Grammy-winning producer, playwright, and actor Eugene Polinsky flew clandestine missions over Nazi-occupied Belgium, France, and Norway during the war. Instead of unleashing bombs, his eight-man American crew dropped Allied agents, weapons, motorbikes, cash, and other vital supplies to resistance fighters as part of a mission called Operation Carpetbagger. “I didn’t know what I was doing then,” says Polinsky, now 99. “I didn’t know what I was carrying. I would have been terrified!”

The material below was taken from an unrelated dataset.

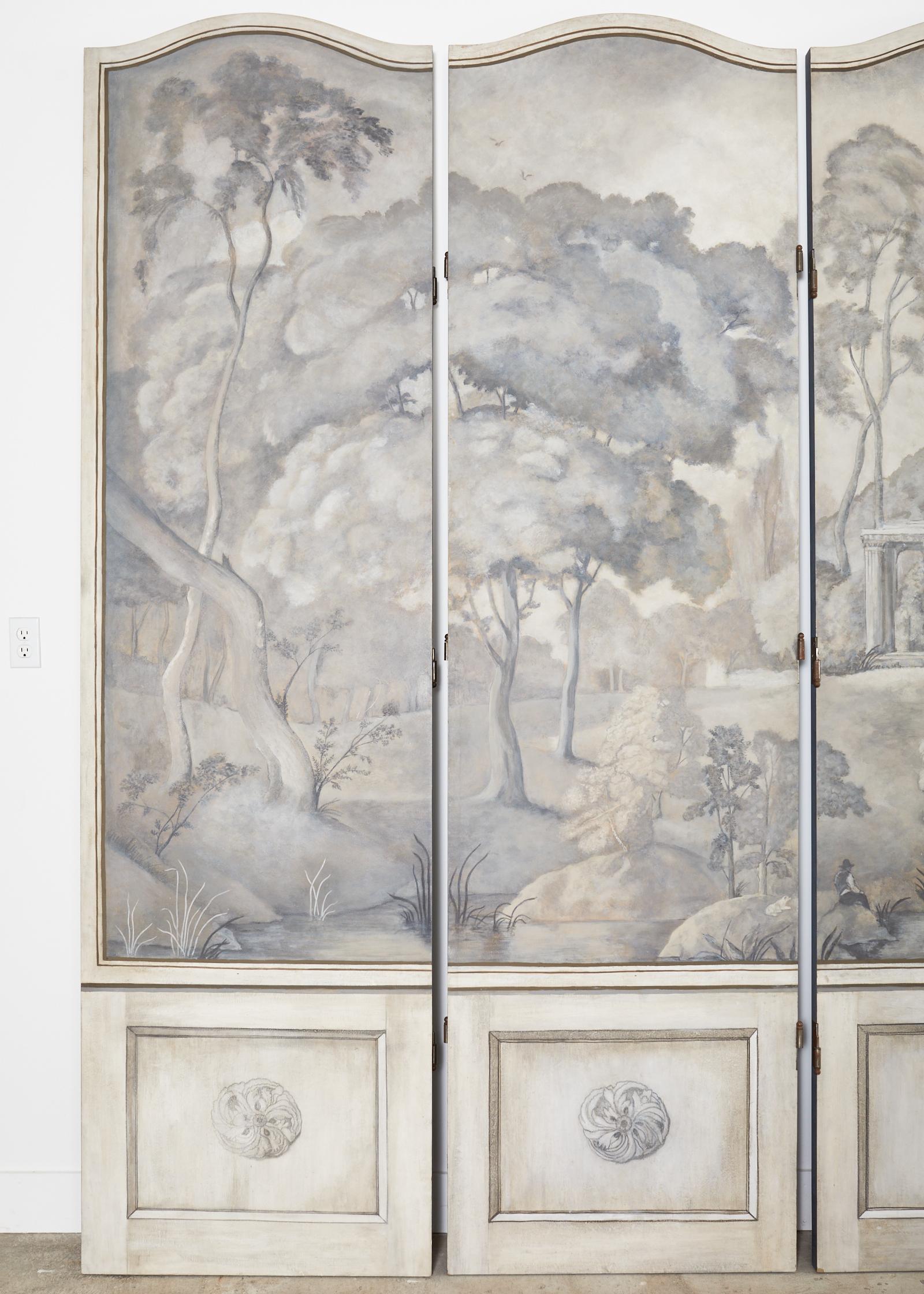 American Dennis and Leen Eight Panel Screen Neoclassical Grisaille Landscape For Sale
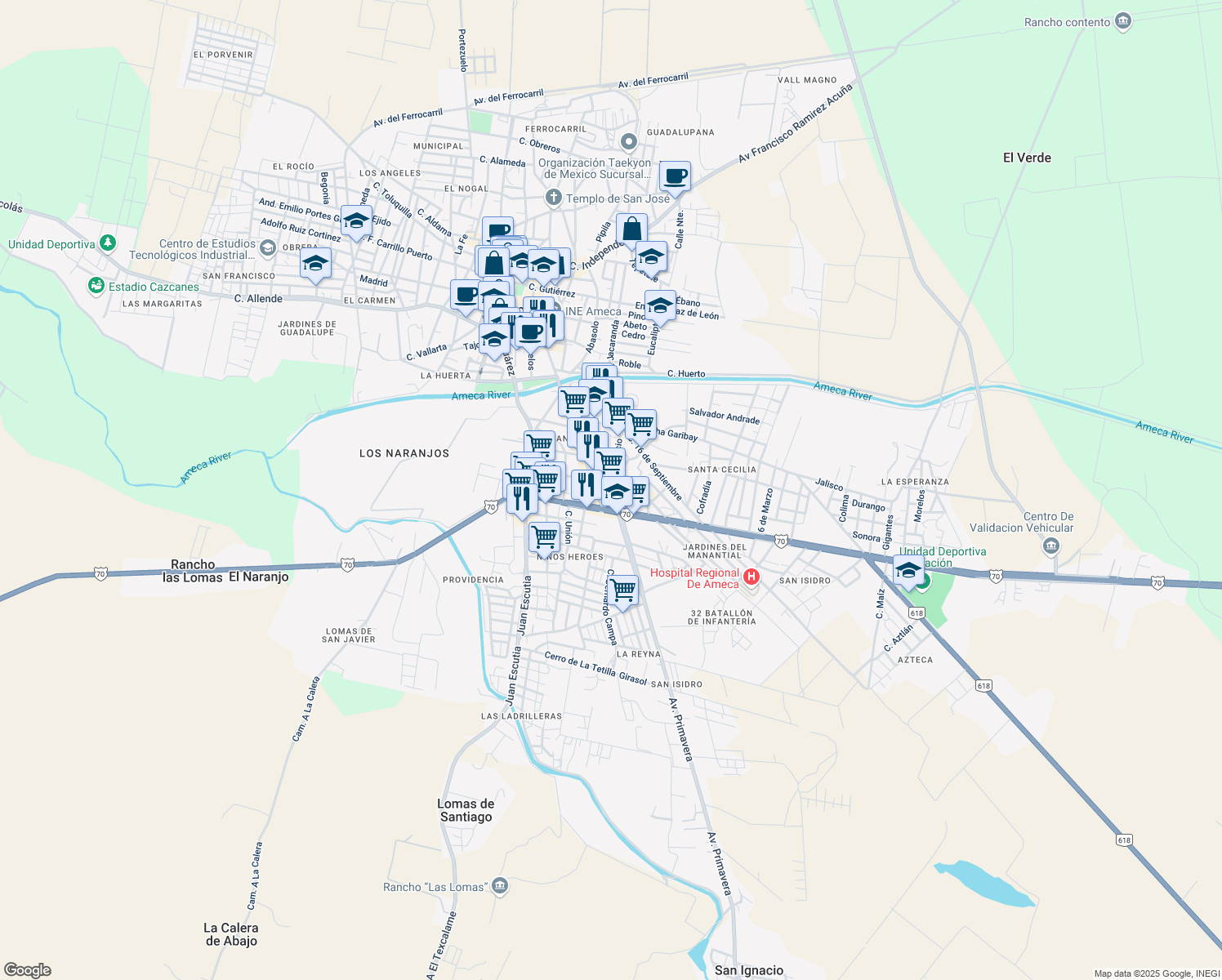 map of restaurants, bars, coffee shops, grocery stores, and more near 98 Calle San Ignacio in Ameca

The Carpetbaggers were the air arm of the Office of Strategic Services (OSS), the U.S. intelligence agency that ran espionage and sabotage operations. Between 1944 and 1945 the Carpetbaggers dropped more than 500 agents and some 5,000 tons of supplies into hostile territory. They flew late and low, so low that the planes’ bellies snagged tree branches. “They told us, ‘If you’re shot down, if they capture you, you’ll be shot as a spy,’ ” Polinsky says. “ ‘So don’t get shot down.’ Great advice.”

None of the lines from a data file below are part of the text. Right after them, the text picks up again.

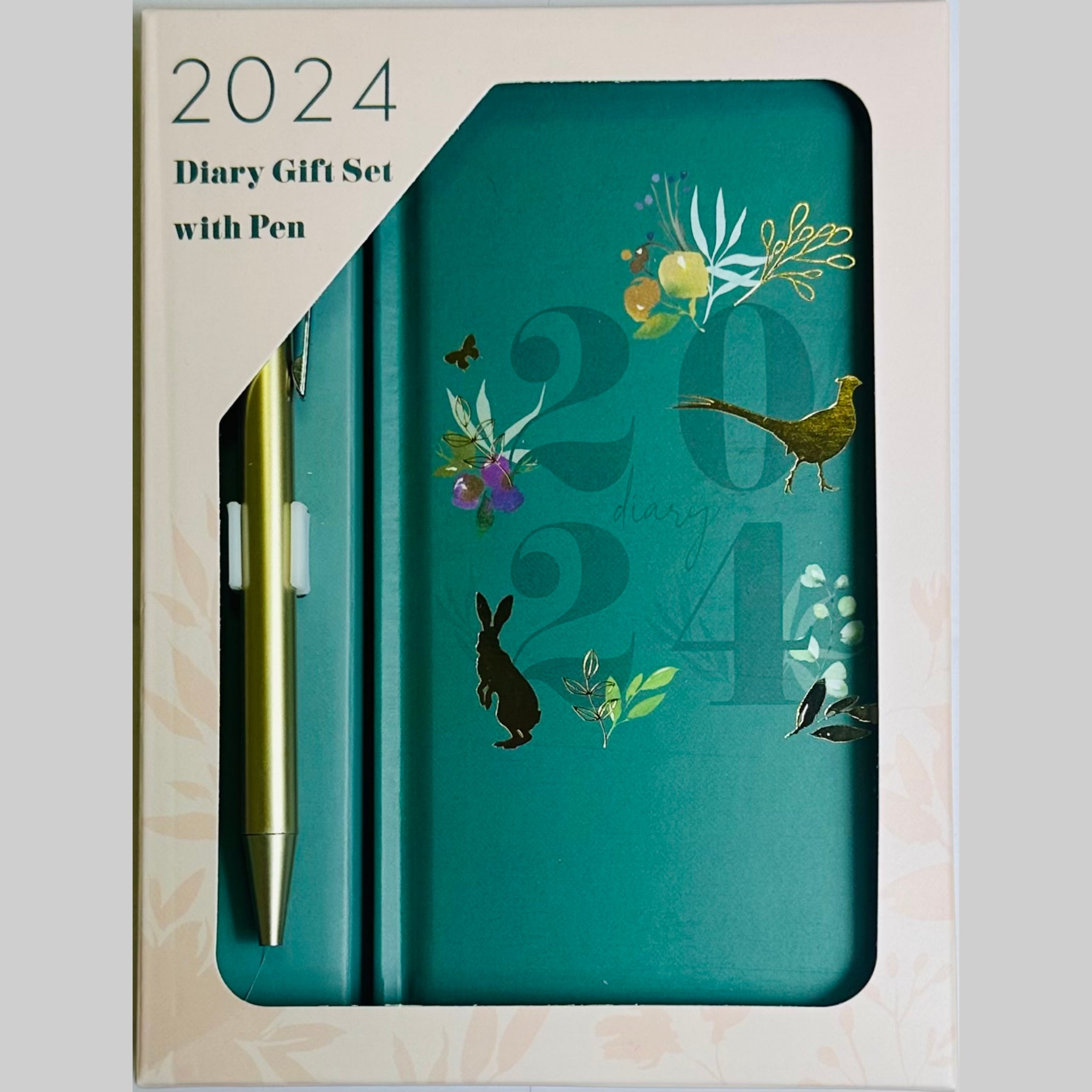 Beclen Harp 2024 Slim Size Week To View/WTV Personal Luxury Botanical Print Diary With Pen Gift Set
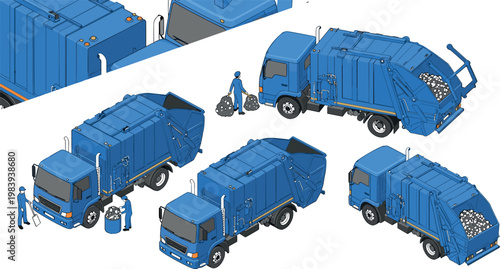 Vector Set of Blue Garbage Trucks with Side Loading Mechanism and Workers, Ideal for Waste Management, Recycling, and Environmental Services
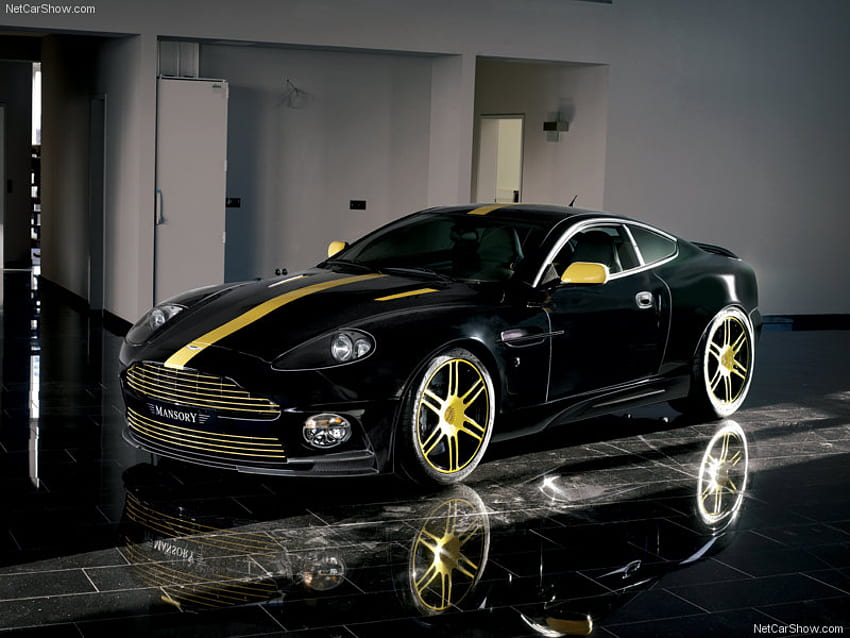 Aston Martin Vanquish, noir, or, voitures Fond d'écran HD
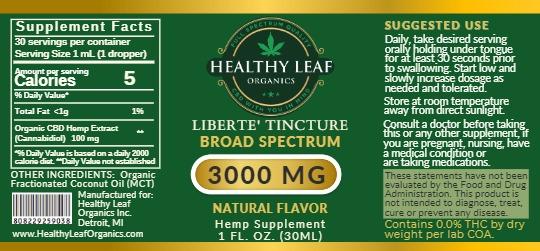 Liberte' 3000mg tincture 30ML - natural flavor        THC FREE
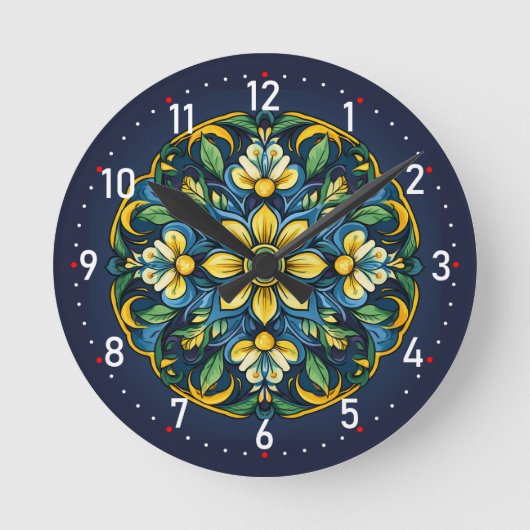 Een unieke Azulejo Elegantie: Midnight Garden Ronde Klok (Voorkant)
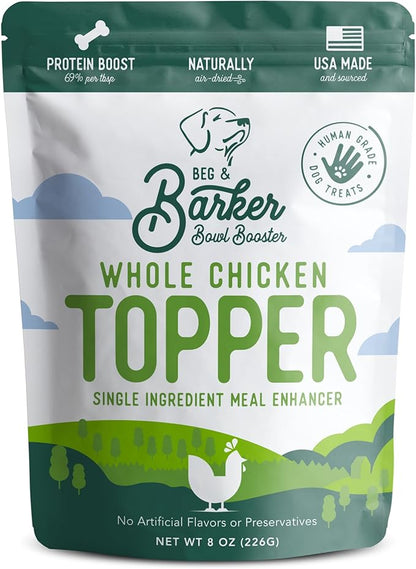 Beg & Barker Chicken Dog Food Toppers for Picky Eaters (8 Ounce, Pack of 1) - Bowl Booster with Whole Chicken - Premium Meal Mixers for Dogs - Single Ingredient, Human Grade, Grain Free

Born in Manhattan on September 11, 1920, Polinsky was the son of Russian Jewish immigrants. When he arrived in England for duty with the Eighth Air Force, his crew was assigned to stripped-down B-24 Liberators, painted black to blend into the night. Hours before a mission, the ground crew loaded supply containers into the plane’s bomb bay. Just before takeoff, agents known to the airmen only as “Joes” and “Josephines” sometimes slipped aboard.